2) the perception of nonexistence

3) possessionlessness

1) Nonexistence

The meaning ‘nonexistence,’ can be seen in ākiñcañña’s relationship to natthi kiñcī ti, the perception that there is (nowhere) anything at all, as in this passage:

• He enters and abides in the state of awareness of nonexistence, where one perceives that there is (nowhere) anything at all.
natthi kiñcī ti ākiñcaññāyatanaṃ upasampajja viharati (S.4.296).

The same relationship between ‘nonexistence’ and ‘the perception that there is (nowhere) anything at all’ can be seen when Venerable Posāla asked about the knowledge of ‘one who sees that there is (nowhere) anything at all’ (natthi kiñcī ti passato Sn.v.1113). The Buddha referred to this as ‘knowing the arising of nonexistence (according to reality)’ (ākiñcaññasambhavaṃ ñatvā, Sn.v.1115):

―I ask, Sakyan, about the knowledge of one whose perception of bodily form has vanished, who has abandoned all bodily forms, who sees that there is (nowhere) anything at all either internally or externally. How is such a person to be led further?
Vibhūtarūpasaññissa sabbakāyappahāyino
Ajjhattañca bahiddhā ca natthi kiñcī ti passato
Ñāṇaṃ sakkānupucchāmi kathaṃ neyyo tathā vidho
(Sn.v.1113).

―Knowing the arising of nonexistence (according to reality), and knowing that spiritually fettering delight is a tie to individual existence, knowing this thus, then he sees this matter (according to reality). This is the knowledge of things according to reality of the Brahman who has perfected the religious life
☸ Ākiñcaññasambhavaṃ ñatvā nandi saṃyojanaṃ iti
Evametaṃ abhiññāya tato tattha vipassati:
Etaṃ ñāṇaṃ tathaṃ tassa brāhmaṇassa vusīmato ti
(Sn.v.1115).

The phrase ‘either internally or externally’ supports us parenthesising ‘(nowhere) anything.’
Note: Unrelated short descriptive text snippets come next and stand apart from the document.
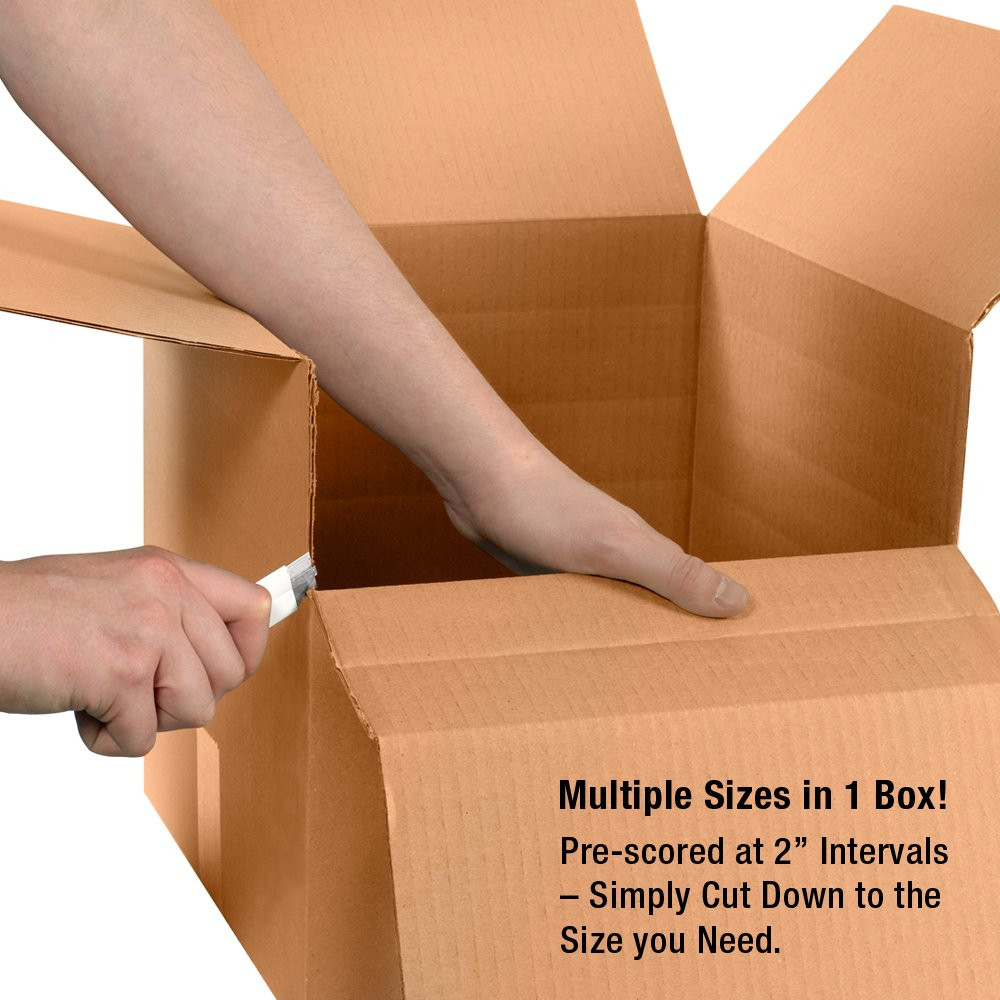 TLMD181812 Multi-Depth Corrugated Boxes, 18″ X 18″ X 12″, Kraft (Pack of 20)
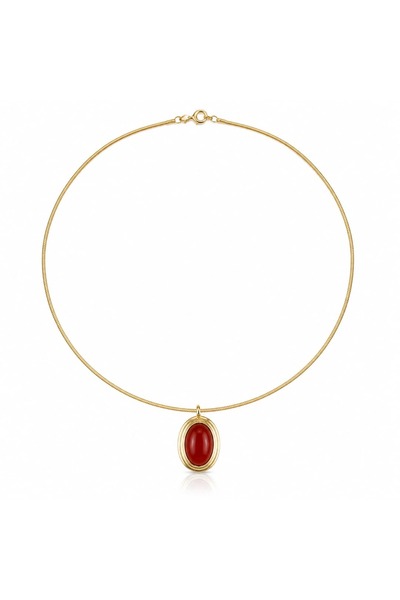 Oval Taş Detaylı Minimal Choker Kolye - 42 cm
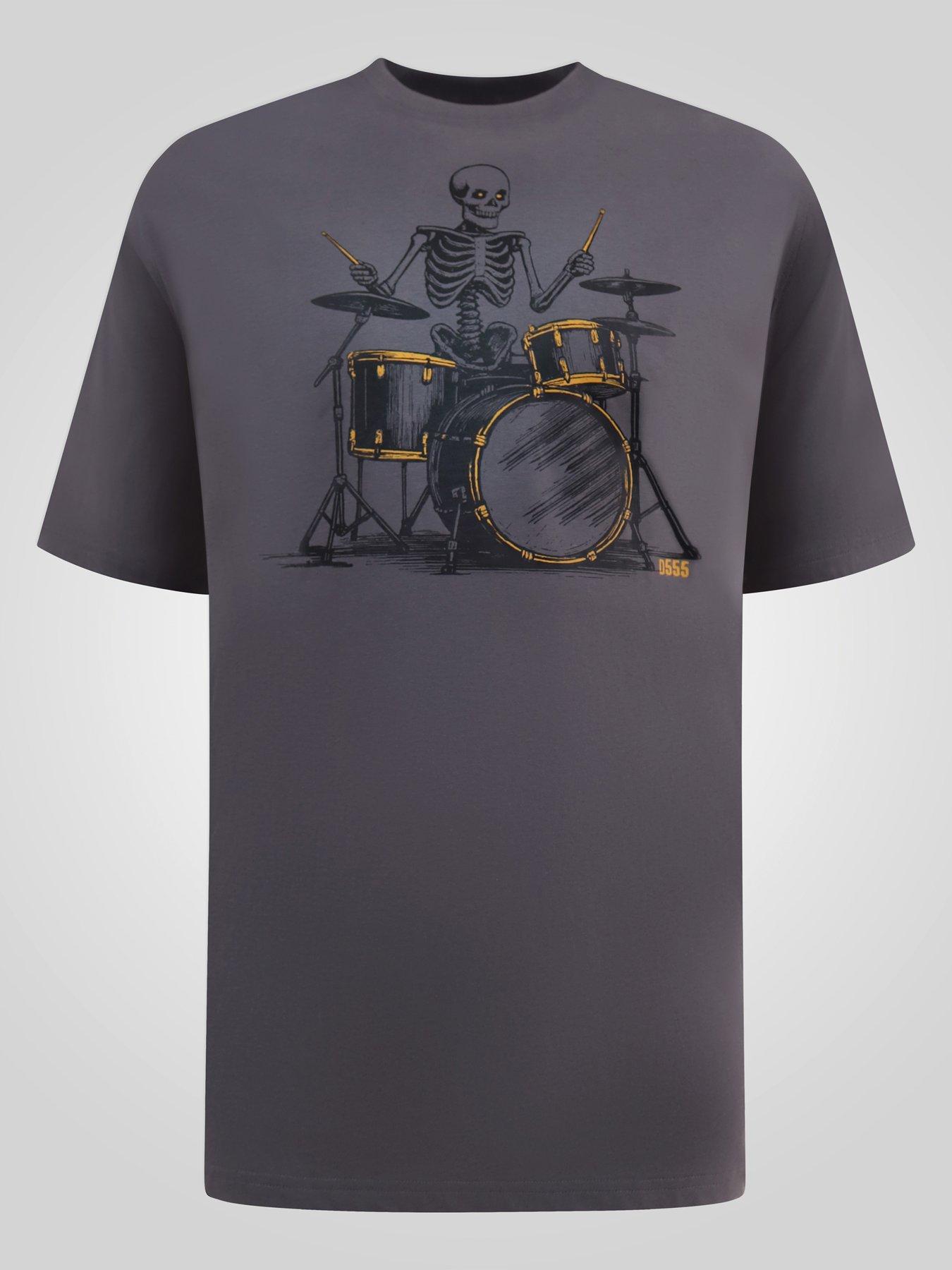 Image 7 of 7 of D555 Mens Skelton Playing Drums Skeleton Print Crew Neck T-Shirt - Grey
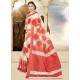 Red Silk Printed Work Party Wear Saree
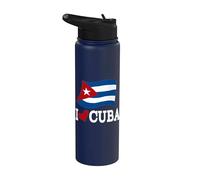 Cuban Flag Cuba T-Shirt Miami Spanish Cuban Shirt Stainless Steel Insulated Water Bottle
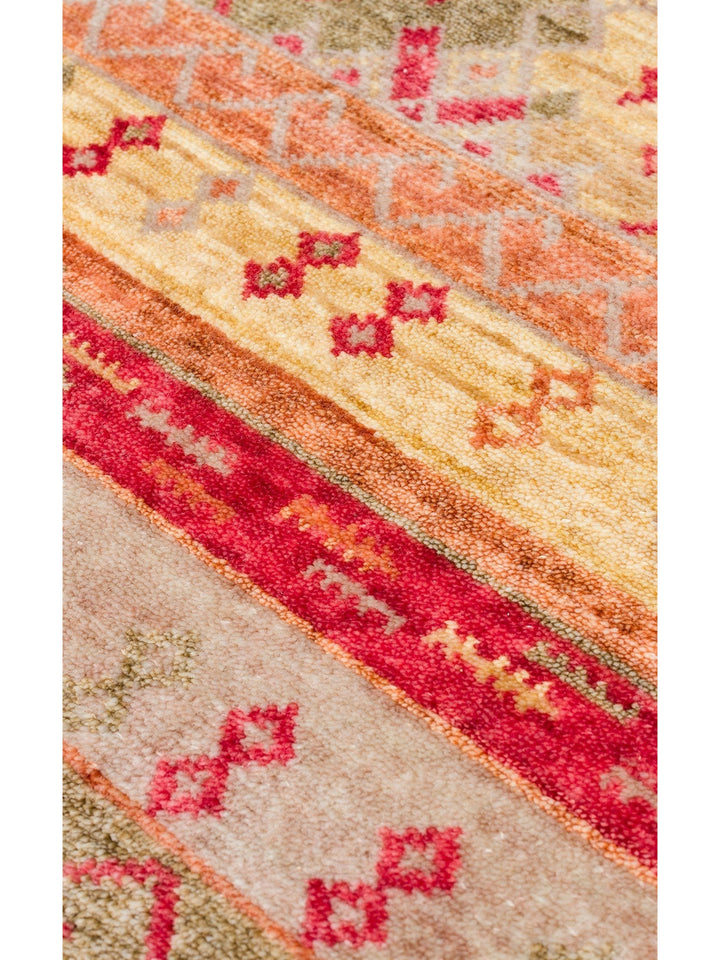 Oushak Carnaval Tapis Uşak Moderne TENCEL™ 100 % Naturel, Facile à Nettoyer, Fait Main 12 RED AUTUMN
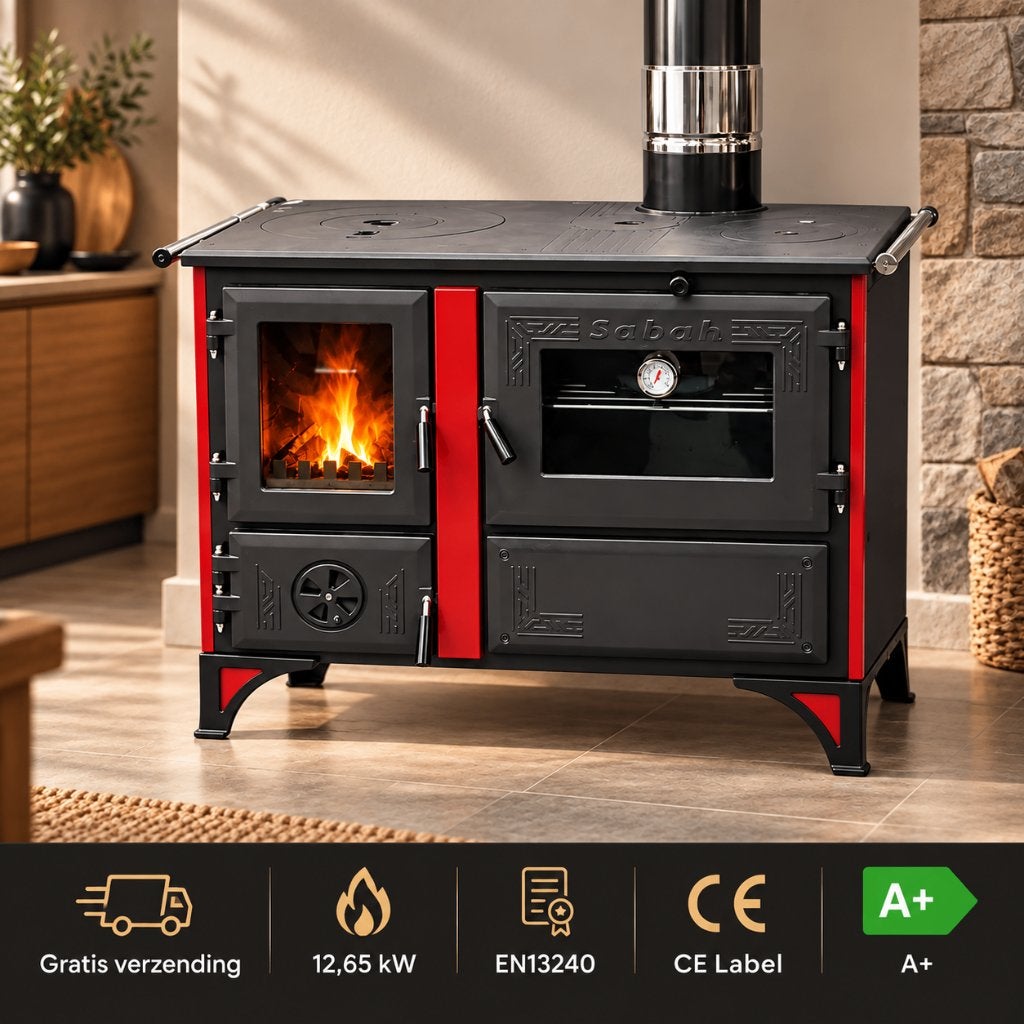 Sabah S105K Houtkachel + Met Thermometer - Gietijzer 12,65KW, Ophalen, Vrijstaand, Hout, Nieuw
2) The perception of nonexistence

The meaning ‘the perception of nonexistence’ can be seen where ākiñcaññaṃ is linked to natthī ti when the Buddha told Venerable Upasīva that being intent upon the perception of nonexistence (ākiñcaññaṃ pekkhamāno) means with the help of the reflection ‘It does not exist’:

• Being intent upon the perception of nonexistence, being mindful, with the help of the reflection ‘It does not exist,’ cross the flood (of suffering).
Ākiñcaññaṃ pekkhamāno satimā natthī ti nissāya tarassu oghaṃ (Sn.v.1070).

3) A state of possessionlessness

Ākiñcaññaṃ’s third meaning is possessionlessness. For example, the bhikkhunī Subhā (Thī.v.341) reflecting on a return to the household life said:

• It would be unseemly for me, longing for a state of possessionlessness,
Na metaṃ assa patirūpaṃ ākiñcaññaṃ hi patthaye

… Having junked gold and silver, to take them back again.
☸ Yo jātarūpaṃ rajataṃ chaḍḍetvā puna-r-āgahe (Thī.v.341).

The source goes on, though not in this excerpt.